* **REQUIRED ACTION**: Each line of the material should be set down exactly. Pictures are not part of the copy.

DATASET EXCERPT Block Start

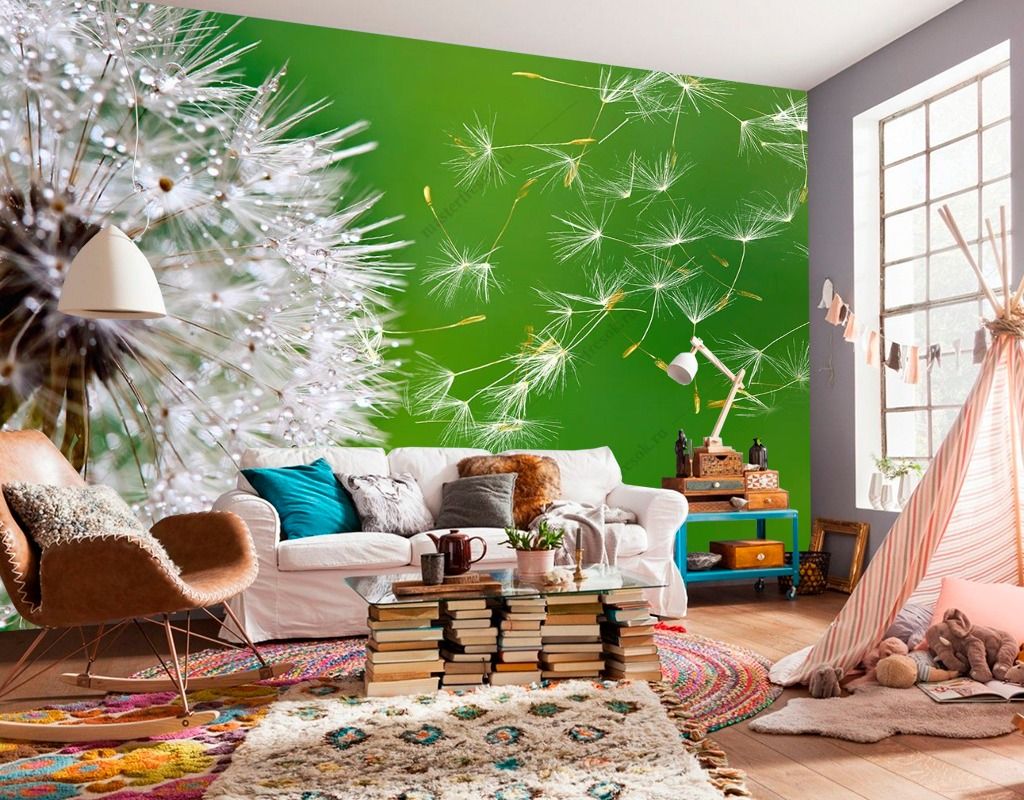 Фотообои Одуванчик в росе  9-1607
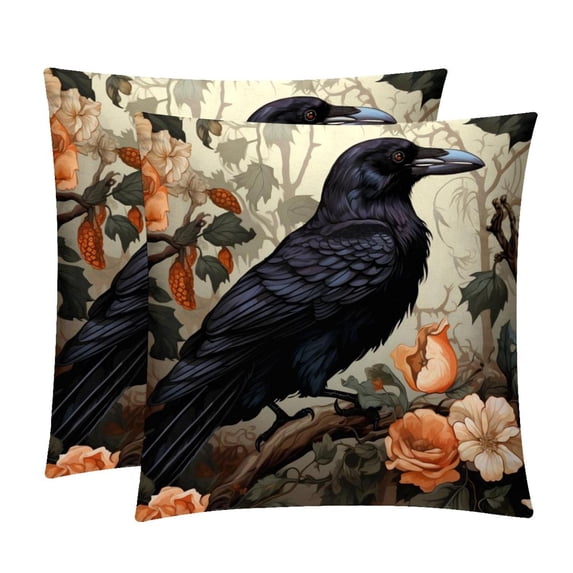 Crow Decorative Pillows Covers Set of 2 - Unique Patterns, 16x16, 18x18, 20x20 Inches - Throw Pillow Covers for Home Decor, Bedroom, Living Room for Various Occasions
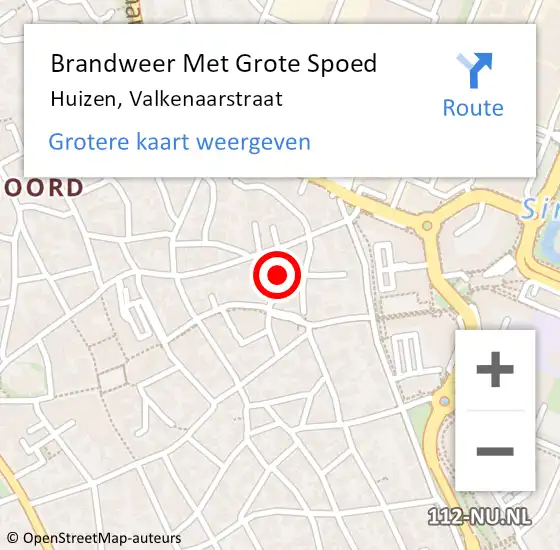 Locatie op kaart van de 112 melding: Brandweer Met Grote Spoed Naar Huizen, Valkenaarstraat op 27 april 2022 21:55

DATASET EXCERPT Block End

* **SOLUTION TO THIS EXERCISE**:
 Фотообои Одуванчик в росе  9-1607
 Crow Decorative Pillows Covers Set of 2 - Unique Patterns, 16x16, 18x18, 20x20 Inches - Throw Pillow Covers for Home Decor, Bedroom, Living Room for Various Occasions
 Locatie op kaart van de 112 melding: Brandweer Met Grote Spoed Naar Huizen, Valkenaarstraat op 27 april 2022 21:55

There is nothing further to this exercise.